Search the data for the word "Lighting". Reproduce every line where it is found.

## Record excerpts
━━━━━━━━
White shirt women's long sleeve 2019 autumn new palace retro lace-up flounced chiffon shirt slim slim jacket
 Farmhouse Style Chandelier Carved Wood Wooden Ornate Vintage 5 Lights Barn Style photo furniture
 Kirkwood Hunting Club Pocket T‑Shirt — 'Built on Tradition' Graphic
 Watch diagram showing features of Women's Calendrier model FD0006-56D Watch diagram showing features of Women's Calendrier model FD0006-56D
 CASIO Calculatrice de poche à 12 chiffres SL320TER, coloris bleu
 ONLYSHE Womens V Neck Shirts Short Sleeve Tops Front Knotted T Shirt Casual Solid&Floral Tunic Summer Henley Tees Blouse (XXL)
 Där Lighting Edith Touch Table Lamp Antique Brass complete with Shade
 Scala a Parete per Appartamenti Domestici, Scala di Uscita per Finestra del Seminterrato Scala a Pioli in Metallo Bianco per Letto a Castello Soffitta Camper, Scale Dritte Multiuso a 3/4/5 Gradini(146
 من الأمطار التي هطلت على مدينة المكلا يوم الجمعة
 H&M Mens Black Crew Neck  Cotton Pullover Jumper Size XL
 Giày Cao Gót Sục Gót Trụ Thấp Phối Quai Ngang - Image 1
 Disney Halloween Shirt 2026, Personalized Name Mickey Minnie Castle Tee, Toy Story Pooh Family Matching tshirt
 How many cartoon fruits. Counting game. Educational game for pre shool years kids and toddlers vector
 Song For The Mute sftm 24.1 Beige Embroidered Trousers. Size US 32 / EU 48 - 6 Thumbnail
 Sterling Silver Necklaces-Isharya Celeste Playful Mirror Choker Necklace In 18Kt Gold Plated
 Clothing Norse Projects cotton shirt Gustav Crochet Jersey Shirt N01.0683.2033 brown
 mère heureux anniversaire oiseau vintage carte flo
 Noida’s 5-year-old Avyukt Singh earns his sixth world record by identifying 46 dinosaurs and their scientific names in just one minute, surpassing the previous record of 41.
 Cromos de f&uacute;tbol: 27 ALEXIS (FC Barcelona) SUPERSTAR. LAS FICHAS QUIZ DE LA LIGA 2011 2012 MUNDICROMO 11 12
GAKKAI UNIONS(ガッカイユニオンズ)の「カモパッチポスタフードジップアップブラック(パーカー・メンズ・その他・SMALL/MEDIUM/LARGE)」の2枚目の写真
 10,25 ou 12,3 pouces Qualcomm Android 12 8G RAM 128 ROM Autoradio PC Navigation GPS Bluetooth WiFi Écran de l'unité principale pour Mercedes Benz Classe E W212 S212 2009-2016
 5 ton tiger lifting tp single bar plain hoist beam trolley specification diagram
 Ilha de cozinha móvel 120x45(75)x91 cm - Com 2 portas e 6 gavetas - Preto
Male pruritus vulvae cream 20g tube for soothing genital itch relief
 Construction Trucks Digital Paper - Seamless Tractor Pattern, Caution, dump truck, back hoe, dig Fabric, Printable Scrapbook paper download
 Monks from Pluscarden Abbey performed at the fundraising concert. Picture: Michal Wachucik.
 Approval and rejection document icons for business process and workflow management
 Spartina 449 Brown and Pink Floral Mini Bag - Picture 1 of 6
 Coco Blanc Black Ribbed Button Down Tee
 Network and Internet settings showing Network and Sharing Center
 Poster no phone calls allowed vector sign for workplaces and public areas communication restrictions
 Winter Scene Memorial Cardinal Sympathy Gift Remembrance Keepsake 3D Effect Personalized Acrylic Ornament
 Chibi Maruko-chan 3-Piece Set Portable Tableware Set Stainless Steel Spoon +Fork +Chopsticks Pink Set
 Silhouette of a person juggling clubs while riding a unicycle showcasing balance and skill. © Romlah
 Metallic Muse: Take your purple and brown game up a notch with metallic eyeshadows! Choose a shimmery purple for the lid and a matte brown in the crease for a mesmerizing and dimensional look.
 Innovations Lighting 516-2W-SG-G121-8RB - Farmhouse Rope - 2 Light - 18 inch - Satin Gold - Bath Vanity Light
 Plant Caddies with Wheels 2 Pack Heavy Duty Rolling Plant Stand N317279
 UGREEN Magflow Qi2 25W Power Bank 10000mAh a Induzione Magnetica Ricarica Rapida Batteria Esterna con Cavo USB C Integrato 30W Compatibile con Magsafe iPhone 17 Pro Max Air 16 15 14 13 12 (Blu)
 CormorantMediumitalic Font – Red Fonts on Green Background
━━━━━━━━
## Result for this task
 Där Lighting Edith Touch Table Lamp Antique Brass complete with Shade
 Innovations Lighting 516-2W-SG-G121-8RB - Farmhouse Rope - 2 Light - 18 inch - Satin Gold - Bath Vanity Light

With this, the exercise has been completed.